Problem:
Copy the data that appears below exactly. Drop the pictures.

Data items:

▽

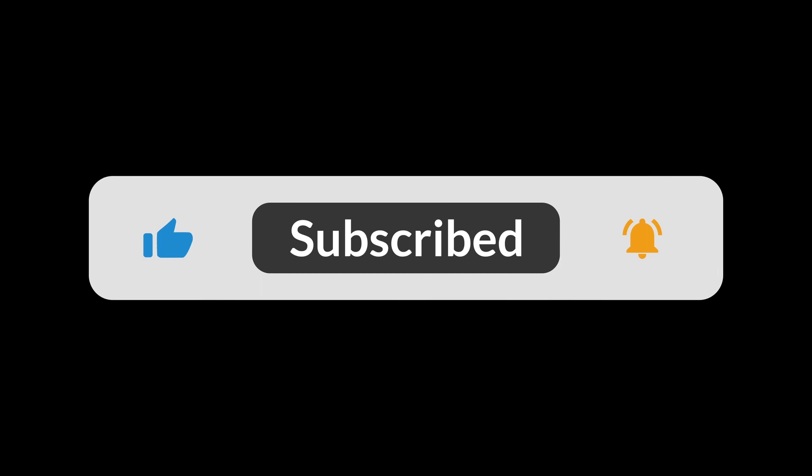You can find the Amazon purchase link in the description below. Hope this video can be helpful to you. Thanks for watching.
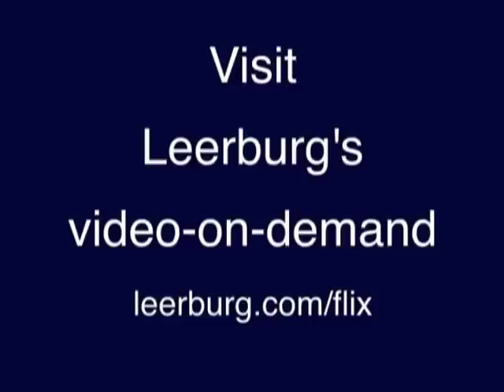I would also like to mention that these new DVDs are all instantly available from our video-on-demand. We recently changed the rental time from three months to 12 months, and we're currently working on the computer coding to change our video-on-demand rental period to an unlimited time period. When we do this, it will be retroactive.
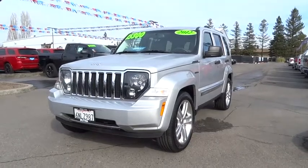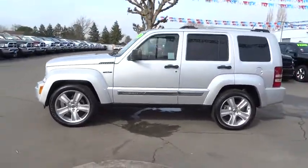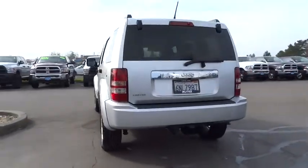The 2012 Jeep Liberty. The Jeep Liberty is quite capable off-road, one of the best in its class. Compared to the Jeep Patriot and Compass, the Liberty is more of a true Jeep, with off-road prowess and bold, upright styling.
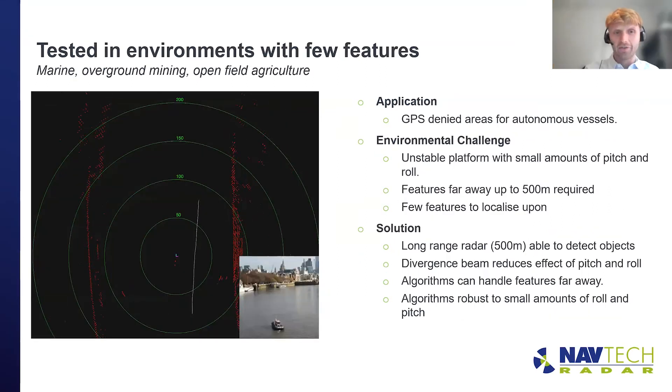The second environment is almost the opposite — testing in a very feature-sparse environment where features are perhaps far away or small in number. This particular data was recorded on the River Thames, looking at solving GPS-denied edge cases for autonomous vessels. This style of environment could represent a number of different applications such as a large field, a large mine site — basically anywhere that is barren or has very few observable features around it. Clearly there are some challenges here — what are they and how did we overcome them?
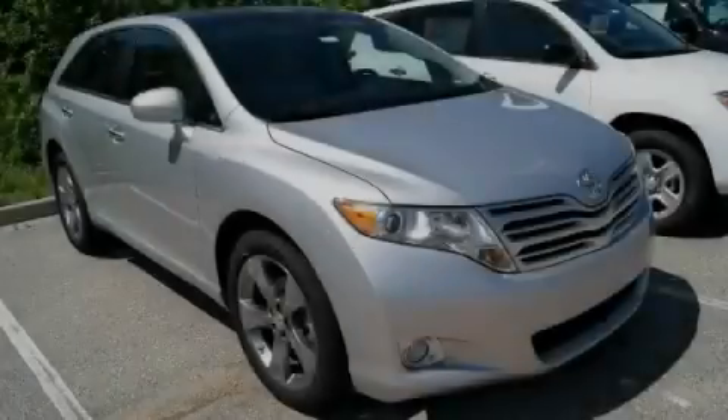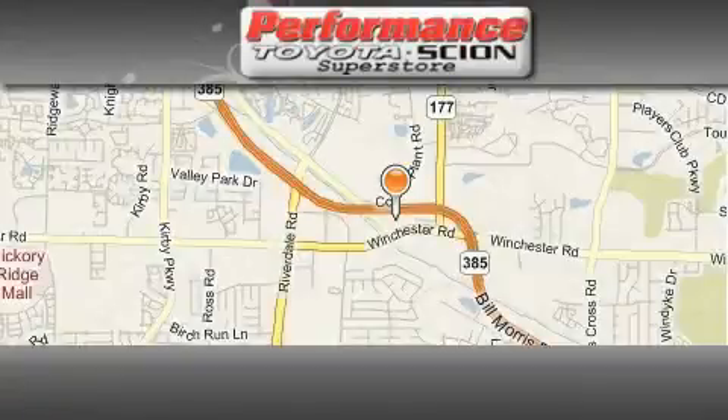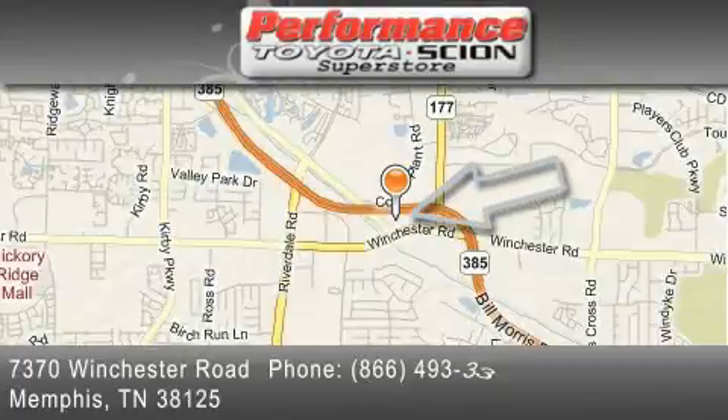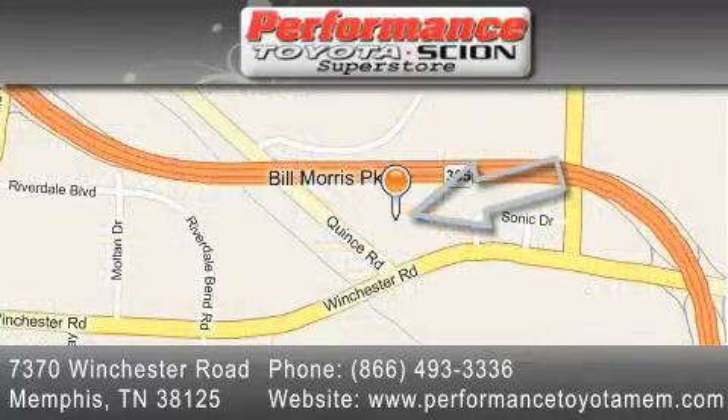Contact us today to arrange your test drive. Performance Toyota is located at 7370 Winchester Road in Memphis. Our goal is to exceed all of your expectations to ensure that you'll return for future visits.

△

Answer space:
You can find the Amazon purchase link in the description below. Hope this video can be helpful to you. Thanks for watching.
I would also like to mention that these new DVDs are all instantly available from our video-on-demand. We recently changed the rental time from three months to 12 months, and we're currently working on the computer coding to change our video-on-demand rental period to an unlimited time period. When we do this, it will be retroactive.
The 2012 Jeep Liberty. The Jeep Liberty is quite capable off-road, one of the best in its class. Compared to the Jeep Patriot and Compass, the Liberty is more of a true Jeep, with off-road prowess and bold, upright styling.
The second environment is almost the opposite — testing in a very feature-sparse environment where features are perhaps far away or small in number. This particular data was recorded on the River Thames, looking at solving GPS-denied edge cases for autonomous vessels. This style of environment could represent a number of different applications such as a large field, a large mine site — basically anywhere that is barren or has very few observable features around it. Clearly there are some challenges here — what are they and how did we overcome them?
Contact us today to arrange your test drive. Performance Toyota is located at 7370 Winchester Road in Memphis. Our goal is to exceed all of your expectations to ensure that you'll return for future visits.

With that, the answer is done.